İklim krizine dur denilmezse sıcak hava dalgaların sıklığını ve şiddetini artıracağını, buna bağlı olarak su varlıklarının giderek azalacağını belirten Ataç, “Bugün kişi başına düşen bin 347 metreküp su miktarı ile su kıtlığı çeken bir konumda olan ülkemizin, nüfus artışı ve su potansiyelindeki azalma ile birlikte 2030 yılından önce su fakiri bir ülke konumuna geleceği öngörülüyor. Yapılan araştırmalar, 2070 yılına gelindiğinde Akdeniz Havzası’nın en büyük gölü olan Beyşehir Gölü başta olmak üzere ülkemizin birçok su varlığının yok olacağını gösteriyor. Ülkemizin su potansiyelinde 2100 yılına kadar; iyi senaryoda yüzde 15-20, kötü senaryoda ise yüzde 40-45 oranında azalma olacağı düşünülüyor” ifadelerini kullandı.
“Ülkemiz şimdiden ciddi bir kuraklık tehdidi altında”
Artan sıcaklıklar ve azalan yağışlar sonucu yaşanan kuraklıkların, tarımsal üretimi de ciddi boyutta etkilediğine vurgu yapan Ataç, “Ülkemizin birçok bölgesinde şiddetli kuraklık yaşanıyor. Küresel ısınmanın 1,5°C’de sınırlanmaması durumunda, 2050 yılına gelindiğinde tarımsal ürünlerin verimliliği yüzde 45 oranında azalacak. Küresel gıda ihtiyacının yüzde 35-56 oranında artacağı göz önünde bulundurulduğunda, toprak varlığımızı korumanın ne kadar önemli olduğunu bir kez daha görüyoruz. Ancak ülkemiz karasal alanının yaklaşık 3/4’ü orta ve yüksek şiddette çölleşme riski altında. Çölleşmenin en önemli sebeplerinden biri de erozyon. İklim kriziyle artan şiddetli yağışlarsa erozyonu artırarak topraklarımızı yok ediyor. Ülkemizde her yıl 642 milyon ton toprak erozyona uğruyor. Bu da en az 500 yıl gibi bir zamanda oluşan 1 cm’lik verimli üst toprağın 16 yıl gibi kısa bir sürede kaybedilmesi anlamına geliyor” sözlerine yer verdi.

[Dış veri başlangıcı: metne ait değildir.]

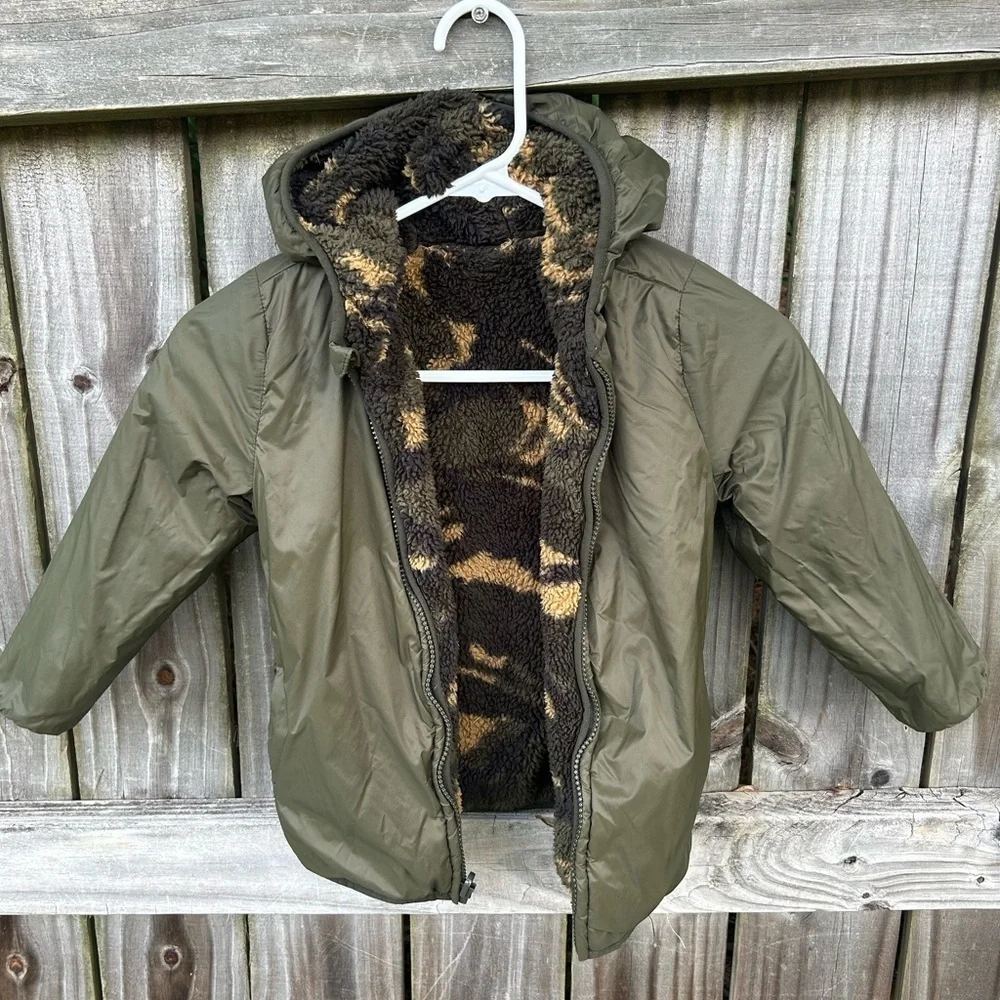 Old navy reversible camo print zip up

“İklim kriziyle mücadele için toprağı korumalıyız”
Ataç, “Toprak; atmosferden karbonu alan bitkilerin yaşam alanı olmasının yanı sıra en büyük karbon deposudur. Bu nedenle iklim krizinin etkilerini azaltan çözümlerin odağında toprağın korunması yer alıyor. İklim kriziyle mücadele için toprağı korumak hepimizin görevi” ifadelerini kullanan Ataç, “Sera gazı salımının 2030 yılına kadar en az yüzde 35 oranında azaltılması, kömür başta olmak üzere fosil yakıt kullanımına son verilmesi ve toprak varlığımızın korunarak çölleşme ile mücadele edilmesi konusundaki çağrımızı yineliyoruz” dedi.